Question

The working of a common balance and physical balance is used on the basis of "Principle of moments". A meter scale of uniform density is being balanced at the centre. If a mass of $2kg$ is suspended at an edge of the scale, then what should be suspended on other side at ${{\dfrac{1}{4}}^{th}}$ length of the scale to maintain the horizontal position of the scale?
$\begin{align}
  & A.400kg \\
 & B.40kg \\
 & C.4kg \\
 & D.2kg \\
\end{align}$

Answer 1

Hint: A beam balance is working on basis of the principle of moments according to which in the equilibrium, the anti-clockwise moment because of the weight of an object on left pan of the beam is similar to the clockwise moment because of to the standard weights on the right pan of the beam.
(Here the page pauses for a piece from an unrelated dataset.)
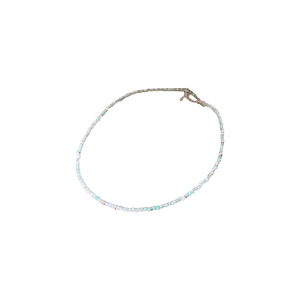 Elegant Amazonite beaded necklace with faceted light blue stones and silver lobster clasp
Complete step by step answer:
First of all let us discuss the principle of moments at first. The principle of moments states that if in equilibrium the total sum of the anti-clockwise moment is equivalent to the total sum of the clockwise moment.
The equation of the principle of moment is given as,
${{F}_{1}}\times {{L}_{1}}={{F}_{2}}\times {{L}_{2}}$
In which the force is given as the gravitational force,
Therefore,
${{w}_{1}}\times {{L}_{1}}={{w}_{2}}\times {{L}_{2}}$
That is,

${{m}_{1}}\times g\times {{L}_{1}}={{m}_{2}}\times g\times {{L}_{2}}$
Simplifying,
${{m}_{1}}\times {{L}_{1}}={{m}_{2}}\times {{L}_{2}}$
Here $m$ is the mass and $L$is the length of the scale in which equilibrium is attained.
${{L}_{1}}=\dfrac{1}{2}$
Substituting the values will give,
$\begin{align}
  & 2\times \dfrac{1}{2}={{m}_{2}}\times \dfrac{1}{4} \\
 & {{m}_{2}}=4kg \\
\end{align}$

So, the correct answer is “Option C”.

Note:
When a system is in stability or balance, then it is said to be in equilibrium as all the forces experiencing on the system cancel each other out. Common balance is defined as the balance which is having each arm as suspended. The unknown mass is kept in one arm and the known mass in another until they both become equivalent. Therefore this balance is working on the principle of moment of weights. When the weights are being balanced, equilibrium is attained.